The five realities below come from Spring Health's HR and employee research in publishing its 2026 Workplace Mental Health Annual Report. Each one closes with action items employers can run within a single quarter.
1. Mental health benefits are no longer a bonus. They're a necessity.
Across every age demographic, employees treat mental health support as a factor in where they work. In fact, 69% of the employees surveyed said mental health benefits play a vital role in their job decisions. For 18-to-34-year-olds and 35-to-44-year-olds, those numbers are even higher: 83% and 78%, respectively.

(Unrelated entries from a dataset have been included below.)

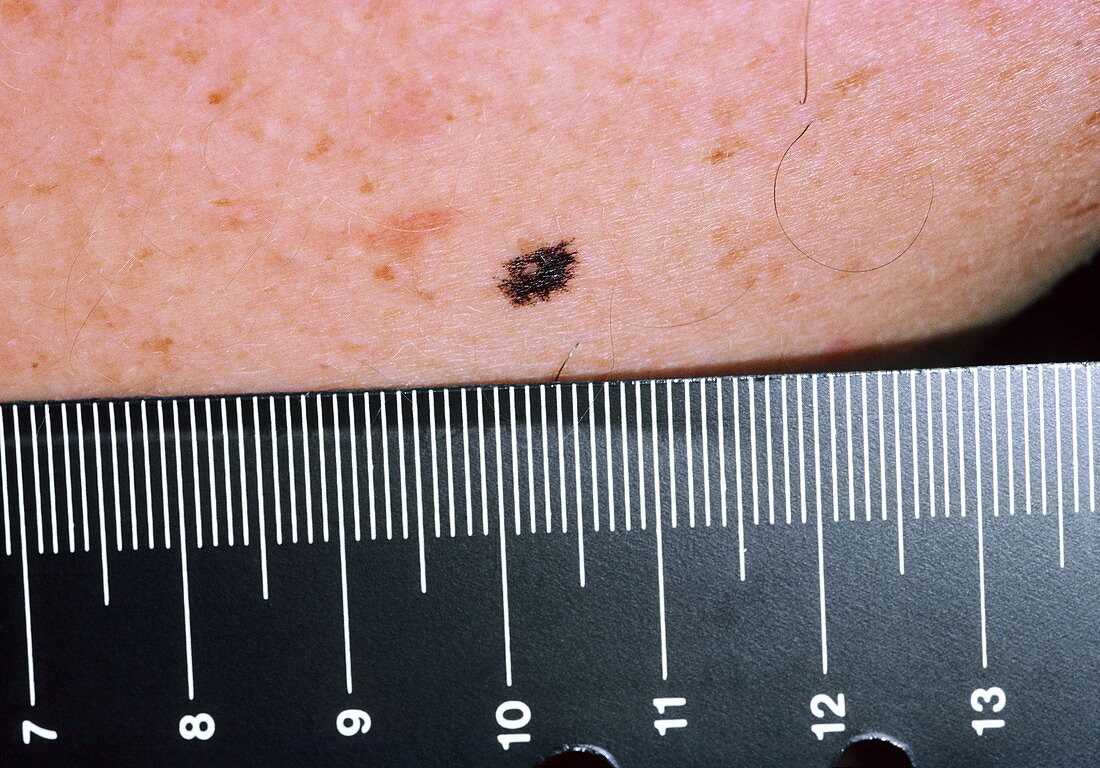 Lentigo: liver spot seen on the skin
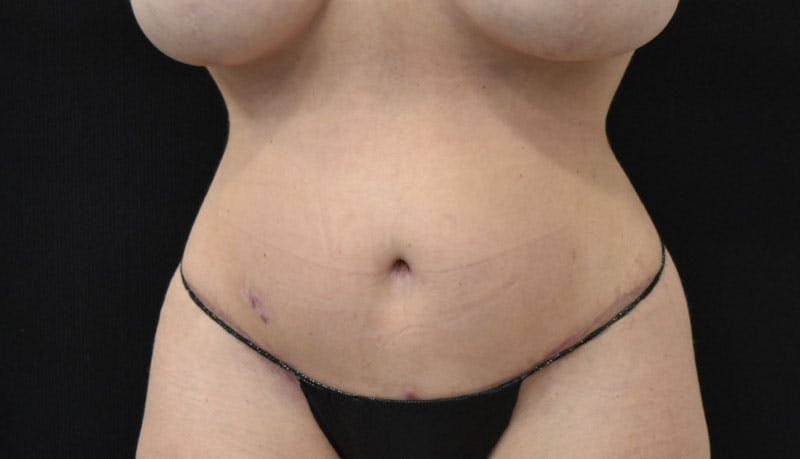 Abdominoplasty Before & After Gallery - Patient 121686073 - Image 2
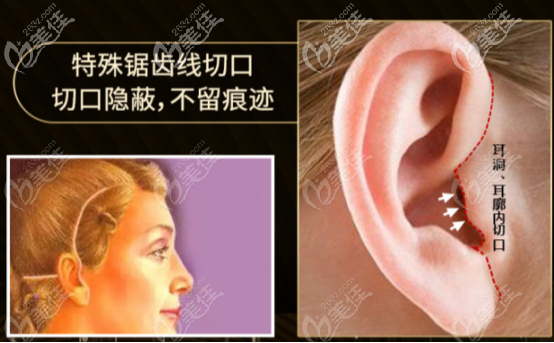 聂云飞医生拉皮手术做的好的优势点四 聂云飞医生拉皮手术做的好的优势点四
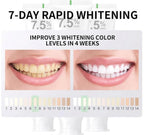 Nano - Hyrdroxyapatite 7.5% Recovery Tooth Paste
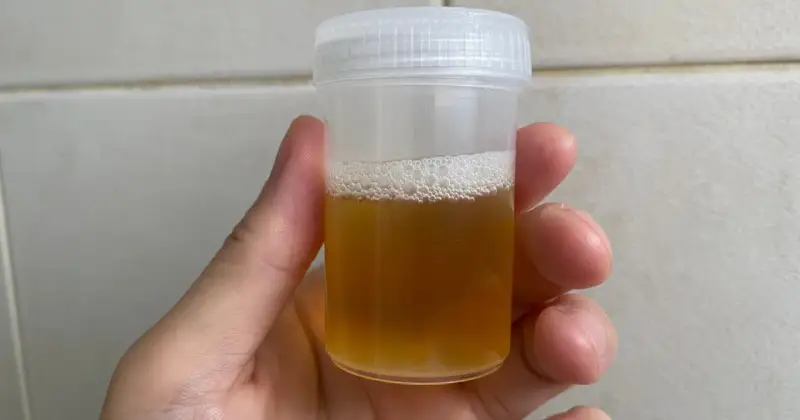 Dłoń trzymająca plastikowy pojemnik z żółtym płynem i pianą na wierzchu.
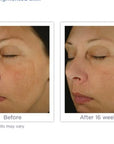BRIGHTENING COMPLEX 30g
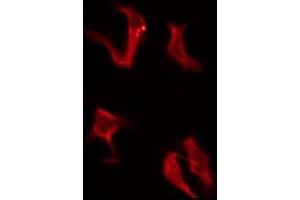 ABIN6276146 staining COLO205 by IF/ICC. (OR4A16 Antikörper  (C-Term))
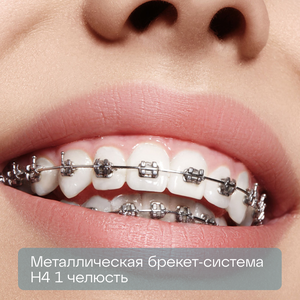 Металлическая брекет-система Н4 1 челюсть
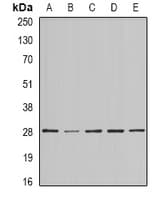 BAP29 / BCAP29 Antibody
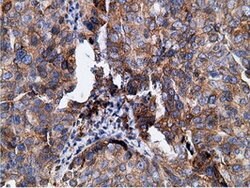 KHK Mouse anti-Human, Clone: OTI3D1, lyophilized, TrueMAB 100 &mu;g; Unconjugated:Antibodies,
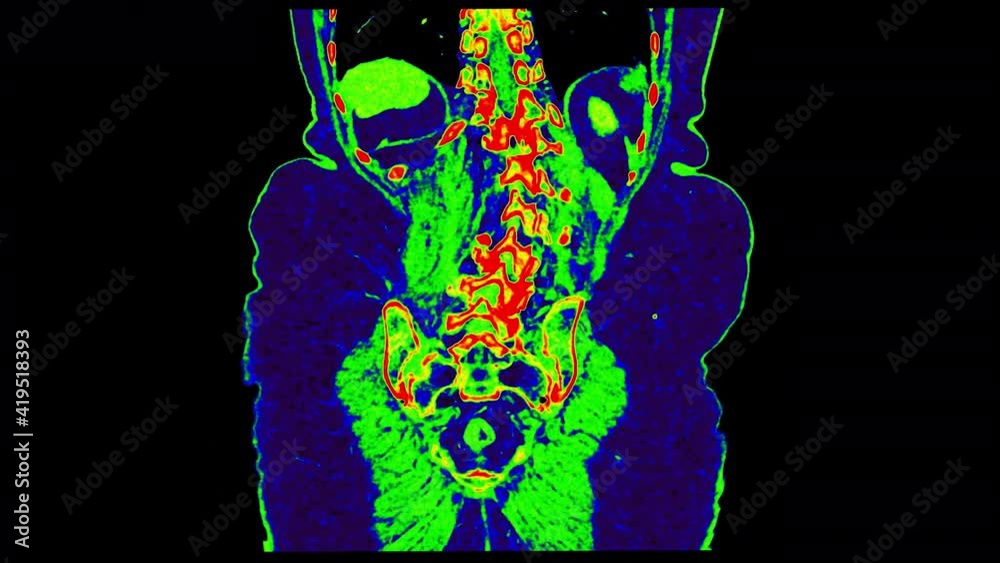 PET CT ( Positron Emission Tomography ) of whole human body 3d ...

That is a hiring and retention reality, not a wellness initiative. Workers will choose, stay at, and leave employers based on whether the benefit feels real to them.
What to do this quarter:
- Audit the gap between what is offered and what is used. If utilization is below 20%, the benefit is failing the population it is meant to serve.

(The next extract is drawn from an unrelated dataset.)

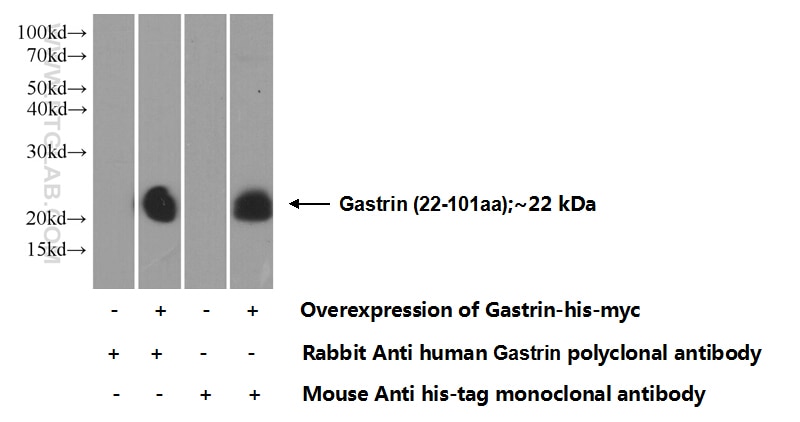 Gastrin Polyclonal antibody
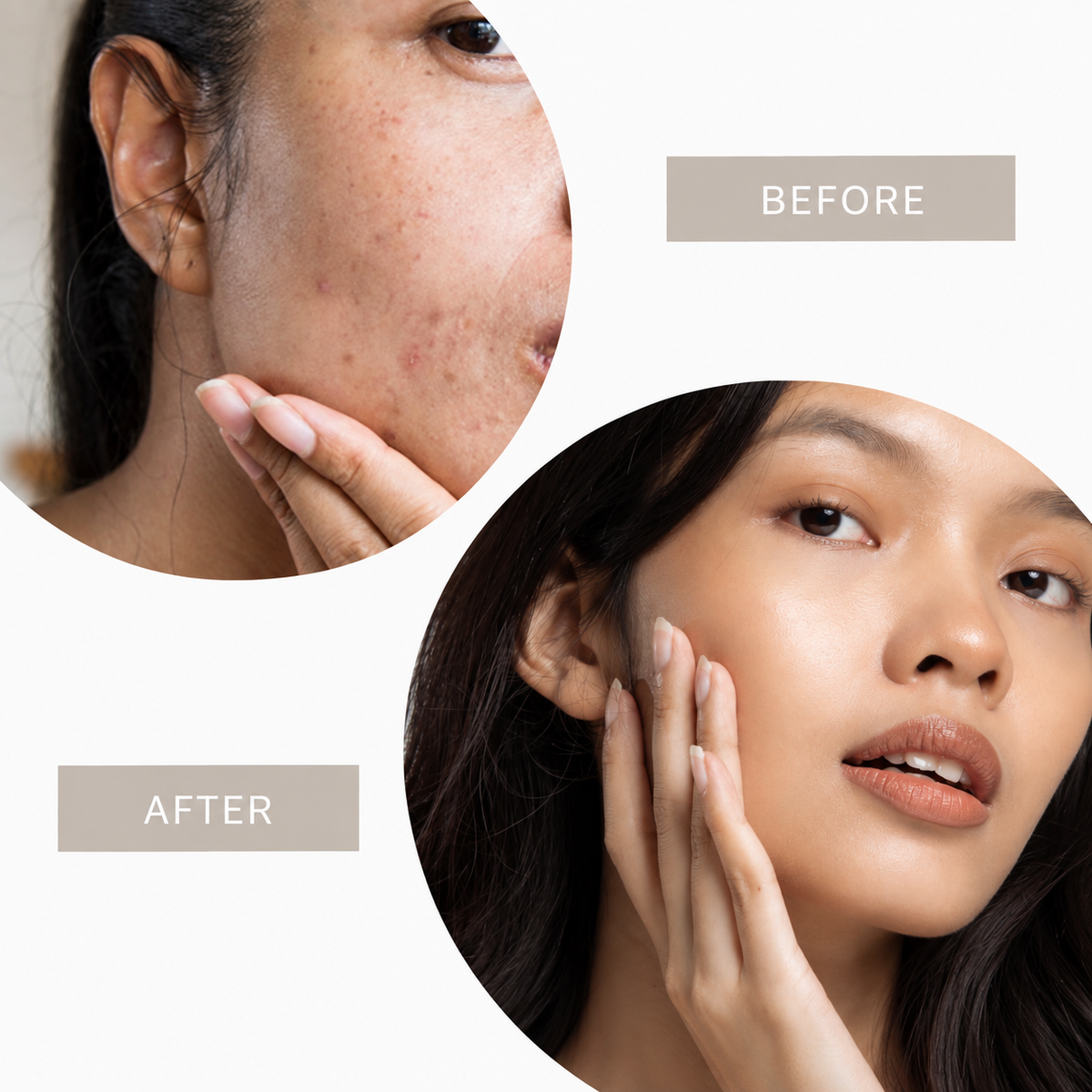 Crème CC pour tous les types de peau | Acide hyaluronique, vitamine E & SPF 20 | Couvre les rides, l’acné et les rougeurs, résistante à l’eau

- Communicate availability in plain language and in the places employees actually look (Slack, all-hands, manager one-on-ones), not only at open enrollment.
- Move beyond traditional EAPs. Short session caps and slow access to providers are why utilization stays low.

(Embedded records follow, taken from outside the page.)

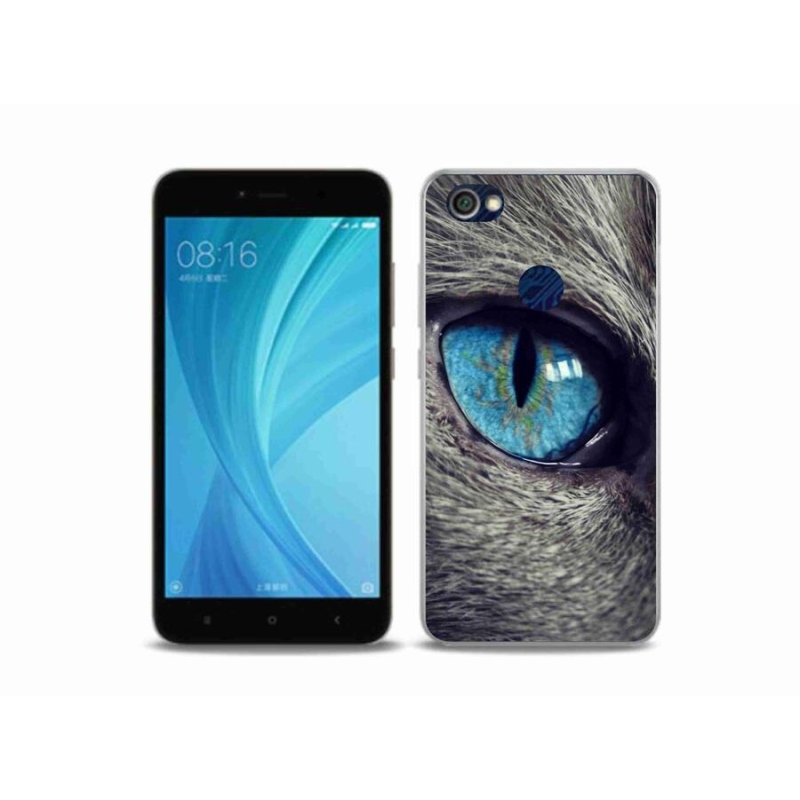Gél tok mmCase a Xiaomi Redmi Note 5A Prime készülékhez - kék macskaszem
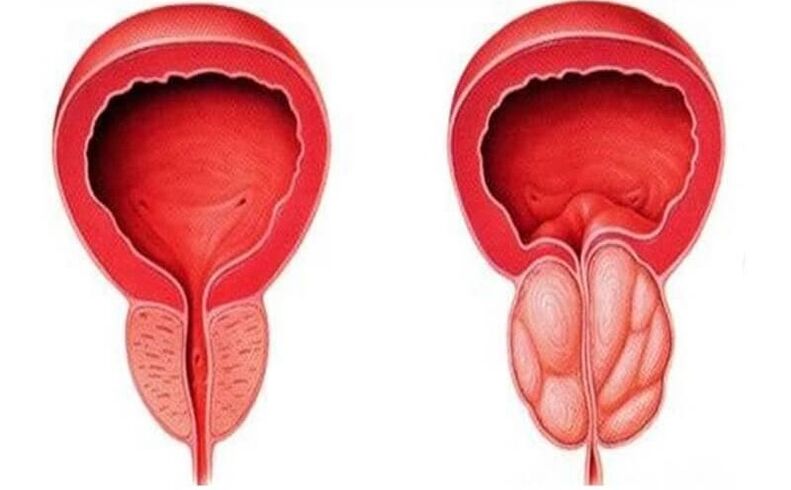 prostatitisarekin prostata osasuntsu eta hanturatuta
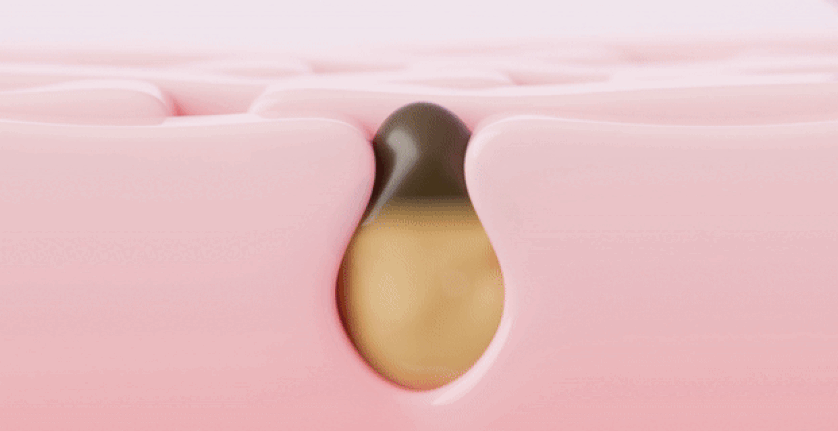 GIF03
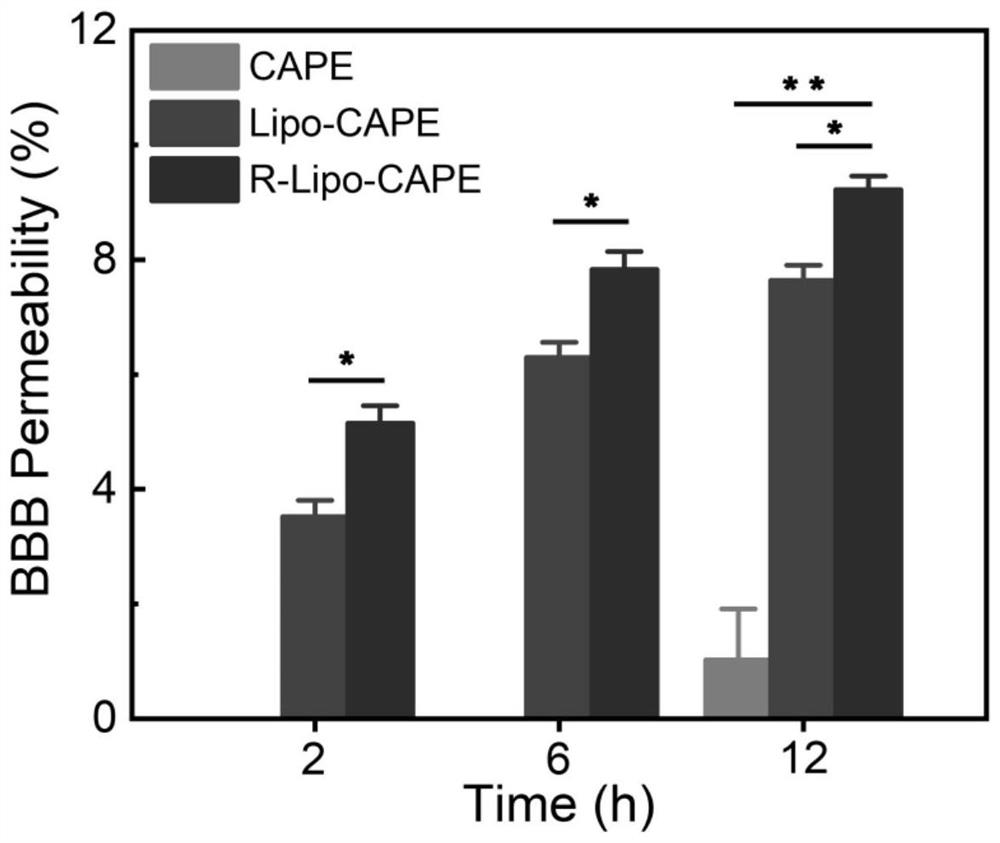 RNS-response-based 'nervous vascular unit' regulation and control targeted liposome drug delivery system and preparation method and application thereof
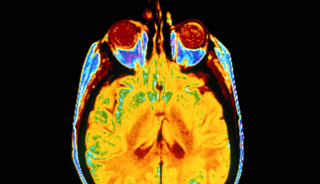 Ultrasound Treatment May Eliminate Alzheimer's Amyloid Plaque Ultrasound Treatment May Eliminate Alzheimer's Amyloid Plaque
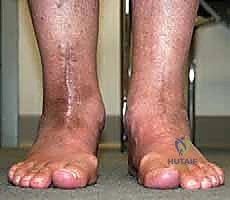 تحليل المخزون العظمي المتبقي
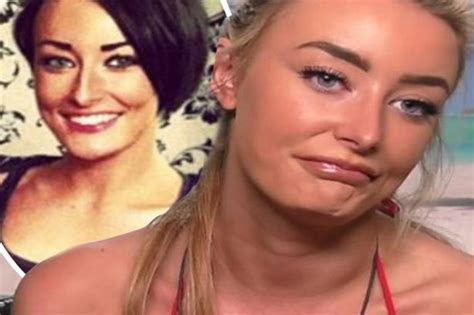 Love Island Chloe Crowhurst S Pal Denies Shes Had Surgery Except For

2. AI is changing work, and it is creating anxiety.
Spring Health’s 2026 employee research found four key ways AI anxiety affects employees: information overload (24%), a reduced sense of control over the future (23%), increased financial stability concerns (20%), and worsened job-related and work-life stress (19%).
The anxiety is not abstract. Employees are being asked to adopt AI inside their daily work without a clear answer to the question, "What does this mean for my role?"
What to do this quarter:
- Tell employees, in writing, what AI is being used for and what it is not. Vague answers raise anxiety. Specific answers lower it.
- Train managers to surface AI-related concerns in one-on-ones the same way they surface workload concerns.
- Make mental health support visible in the same channels where AI rollouts are announced.
3. Barriers to care remain, and they are mostly logistical.
Even when employees have mental health benefits, they don't always use them. The reasons employees give in Spring Health's 2026 research are practical: 43% cite a lack of time, 42% cite cost, 30% cite difficulty finding the right provider, 29% cite wait times, and 27% cite stigma around receiving help.
That stack of barriers is the single biggest reason a generous benefit can still produce low engagement.
What to do this quarter:
- Reduce the steps between intent to seek care and the first appointment. Every additional click drops conversion.
- Offer asynchronous and synchronous options so employees who cannot block an hour during the workday still have a path to care.
- Communicate cost coverage clearly and repeatedly. Many employees believe care is more expensive than it actually is for them.
4. Financial stress is a mental health issue, and the numbers keep climbing.
About 3 in 5 (59%) employees we surveyed said their financial stress has increased over the past five years, and nearly three-quarters (74%) said financial stress has impacted their mental health.
Employees who don’t have adequate mental health benefits from their employers are 52% more likely to experience financial stress than people with employer-provided resources.
That shows up at work as lost productivity at best, and turnover at worst. Treating financial stress as a separate problem from mental health misses how the two reinforce each other.
What to do this quarter:
- Offer financial literacy programming on the topics employees actually ask about, including saving and investing.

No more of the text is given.